4.3. Experiments on PRID2011

Compared with VIPeR dataset, the number of person images on PRID2011 is small, where training sample size may be much smaller than feature dimension; i.e., SSS problem can be worse. We compare the state-of-the-art semisupervised baselines kCCA [41], kLFDA [39], XQDA [40], and Null-semi [38] on PRID2011 with access to the implementation codes using the same LOMO features. It can be seen that (see Table 2) (1) except result at rank@10, rank@1, and rank@5, matching rate of our method is the best result compared with baselines, and there is only 0.2% margin below Null-semi that takes the best performance at rank@10. (2) Influenced by small sample size, our approach and baselines all yield much poorer results on PRID2011 dataset compared with results on VIPeR dataset.

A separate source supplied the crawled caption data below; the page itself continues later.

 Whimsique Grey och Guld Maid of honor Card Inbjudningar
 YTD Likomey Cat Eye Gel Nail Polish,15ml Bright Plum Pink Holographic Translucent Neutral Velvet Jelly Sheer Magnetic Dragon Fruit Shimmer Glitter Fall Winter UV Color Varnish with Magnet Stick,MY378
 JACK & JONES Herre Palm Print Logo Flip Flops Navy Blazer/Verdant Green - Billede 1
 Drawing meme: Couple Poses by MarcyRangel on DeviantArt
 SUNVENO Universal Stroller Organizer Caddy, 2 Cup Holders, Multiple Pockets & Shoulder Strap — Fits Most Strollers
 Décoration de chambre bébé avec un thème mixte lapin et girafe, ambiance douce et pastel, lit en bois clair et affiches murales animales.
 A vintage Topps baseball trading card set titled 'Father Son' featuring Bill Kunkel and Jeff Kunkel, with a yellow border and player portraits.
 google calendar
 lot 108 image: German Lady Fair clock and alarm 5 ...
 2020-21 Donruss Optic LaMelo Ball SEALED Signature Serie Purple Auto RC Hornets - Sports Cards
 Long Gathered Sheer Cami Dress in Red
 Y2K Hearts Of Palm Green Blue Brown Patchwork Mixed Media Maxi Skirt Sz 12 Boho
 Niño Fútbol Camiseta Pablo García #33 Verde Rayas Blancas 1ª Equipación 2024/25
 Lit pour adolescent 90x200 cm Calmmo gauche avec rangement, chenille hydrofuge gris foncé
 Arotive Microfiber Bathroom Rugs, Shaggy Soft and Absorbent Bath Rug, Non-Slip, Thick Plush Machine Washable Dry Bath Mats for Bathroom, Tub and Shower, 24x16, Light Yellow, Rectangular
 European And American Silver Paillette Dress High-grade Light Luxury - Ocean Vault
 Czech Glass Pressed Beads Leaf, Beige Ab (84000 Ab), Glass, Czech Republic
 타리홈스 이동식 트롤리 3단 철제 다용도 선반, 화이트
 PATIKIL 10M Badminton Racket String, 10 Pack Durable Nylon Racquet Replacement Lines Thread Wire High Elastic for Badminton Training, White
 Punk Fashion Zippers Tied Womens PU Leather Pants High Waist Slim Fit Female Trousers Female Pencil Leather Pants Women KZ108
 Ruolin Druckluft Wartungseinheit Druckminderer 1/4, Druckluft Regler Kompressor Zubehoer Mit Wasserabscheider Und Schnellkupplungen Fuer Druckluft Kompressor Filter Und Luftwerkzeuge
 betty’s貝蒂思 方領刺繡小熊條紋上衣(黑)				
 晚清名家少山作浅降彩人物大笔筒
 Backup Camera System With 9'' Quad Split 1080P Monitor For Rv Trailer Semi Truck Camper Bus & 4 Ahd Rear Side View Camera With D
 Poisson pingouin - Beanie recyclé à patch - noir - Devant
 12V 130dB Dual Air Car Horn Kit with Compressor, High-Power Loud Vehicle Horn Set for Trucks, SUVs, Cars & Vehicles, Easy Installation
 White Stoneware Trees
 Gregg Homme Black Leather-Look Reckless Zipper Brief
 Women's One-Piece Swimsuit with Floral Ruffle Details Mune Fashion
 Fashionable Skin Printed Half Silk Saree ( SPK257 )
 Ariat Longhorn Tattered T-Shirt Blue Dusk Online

4.4. Experiments on PRID450s

Many published unsupervised/semisupervised SDALF [10], eSDC [13], and TSR [36] and fully supervised KISSME [24] and SCNCD [42] are introduced as baselines on PRID450s. The performance of our method is much better than all unsupervised/semisupervised comparisons (see Table 3). It achieves 61.8% at rank@5 and 73.8% at rank@10, which improves the previous best results over 10%. Moreover, for verifying the label sensitivity of our CML method, we test SCNCD with metric learning and our method with 1/2, 1/3, 1/5 labelled training samples (see Table 4). And our results exceed significantly that of SCNCD at every labelled training size and decrease gently along with lower training samples; however SCNCD declines sharply especially with 1/5 training samples. That is because the within-class scatter matrix of traditional metric learning becomes singular, when the number of labels is smaller than the dimension of feature representation. Relatively speaking, our method combines labelled and unlabelled data for learning procedure, which is more robust and less sensitive about label size.

5. Conclusions

This paper proposes a novel semisupervised co-metric learning framework for label-insufficient person re-identification. To bridge the small sample size problem and learning model with small labels, motivated by co-training that is commonly used for insufficient/imperfect-label learning, we adopt binary-weight learning to decompose single-view person features into pseudo two views, which could be used to learn two metric models as a co-training style, and then metrics are jointly updated by discovering both pseudo-labels and references. Experiments on three representative person re-identification datasets show that proposed method performs better than state of the art with small labelled sample size and possesses low label sensitivity.

Data Availability

The three public datasets utilized in this work are freely acquired online, and readers can easily find the download links of datasets via searching references [35, 43, 44] on the Internet.

Conflicts of Interest

The author declares that there are no conflicts of interest regarding the publication of this paper.

Acknowledgments

This work was supported by the National Natural Science Foundation Projects of China (no. 61562048 and no. 61562047).